■ **WHAT TO PRODUCE**:
Skip the pictures. Quote every line below, exactly, from the one with "DURHAND Set de" through the final line.

■ **GIVEN MATERIAL**:

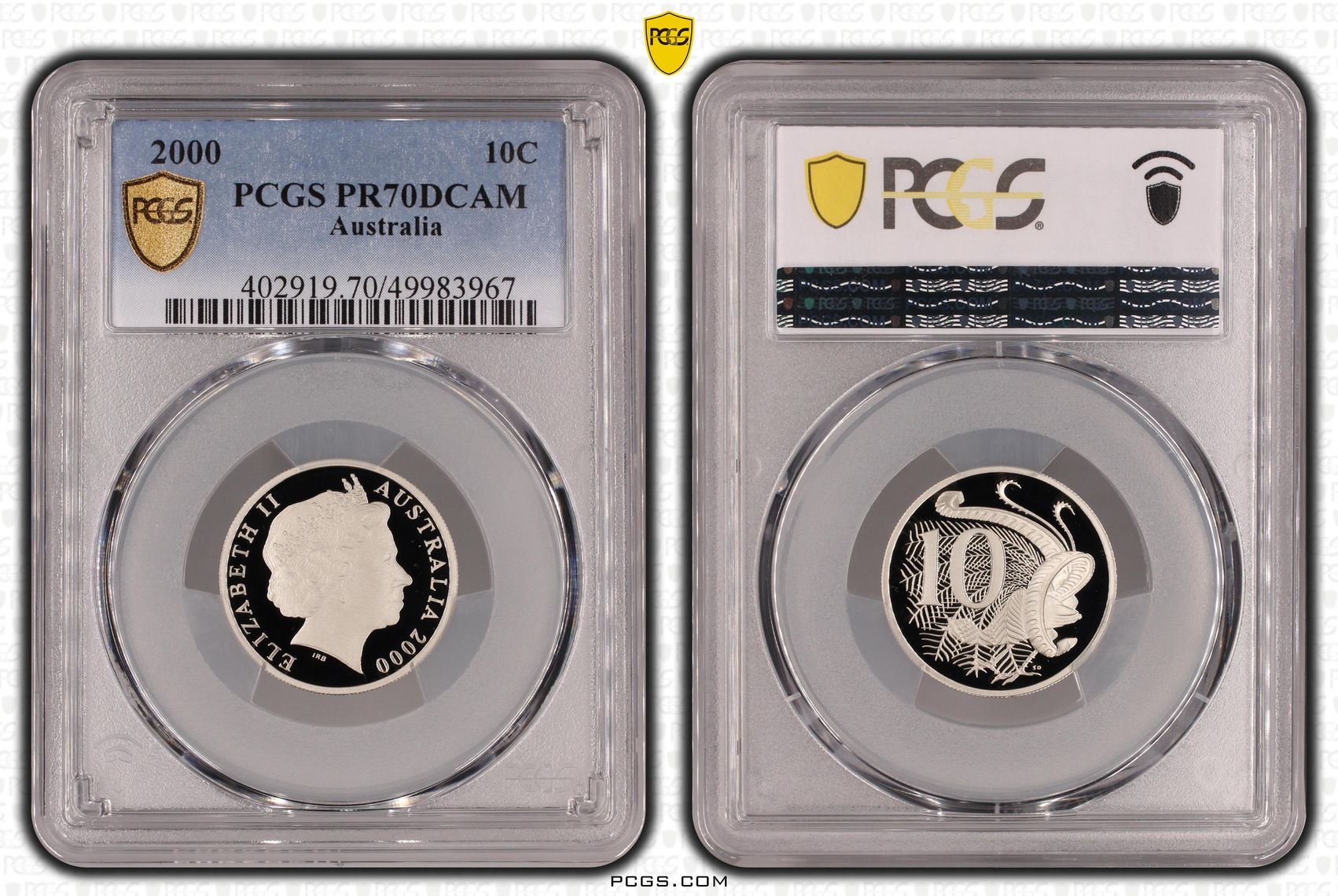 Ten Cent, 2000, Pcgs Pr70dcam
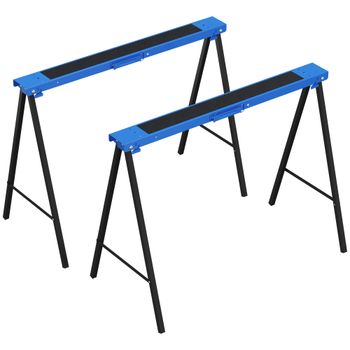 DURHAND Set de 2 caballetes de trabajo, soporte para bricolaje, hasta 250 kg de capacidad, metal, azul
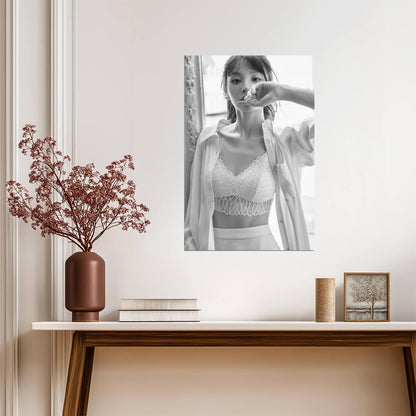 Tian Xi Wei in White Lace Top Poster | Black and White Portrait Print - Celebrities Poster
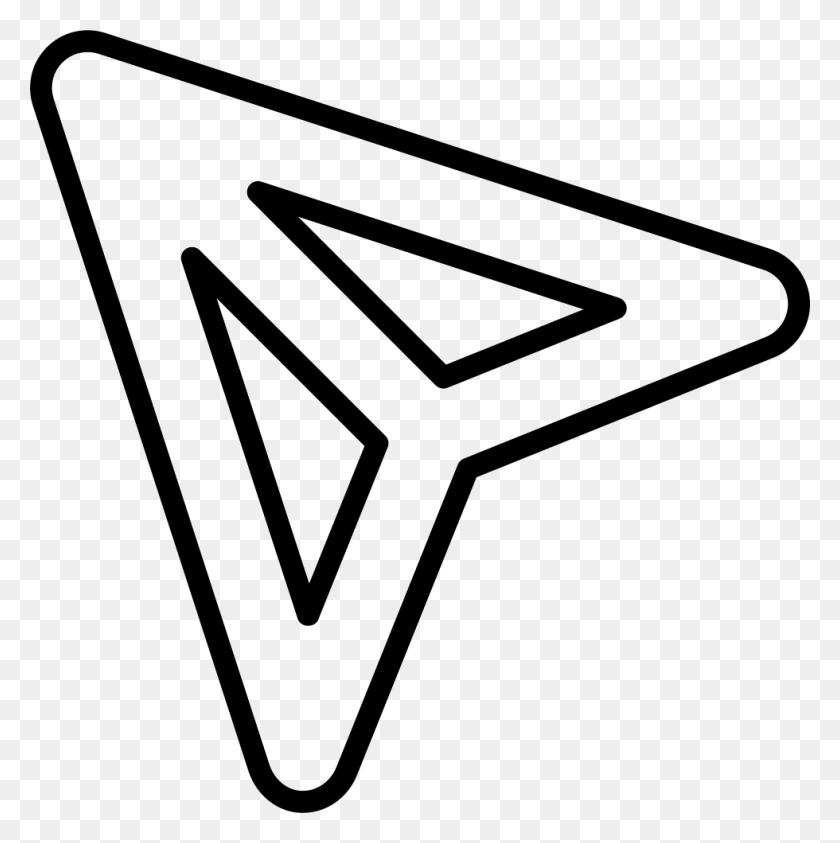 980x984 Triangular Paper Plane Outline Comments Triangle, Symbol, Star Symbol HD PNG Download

■ **WRITTEN ANSWER**:
 DURHAND Set de 2 caballetes de trabajo, soporte para bricolaje, hasta 250 kg de capacidad, metal, azul
 Tian Xi Wei in White Lace Top Poster | Black and White Portrait Print - Celebrities Poster
 980x984 Triangular Paper Plane Outline Comments Triangle, Symbol, Star Symbol HD PNG Download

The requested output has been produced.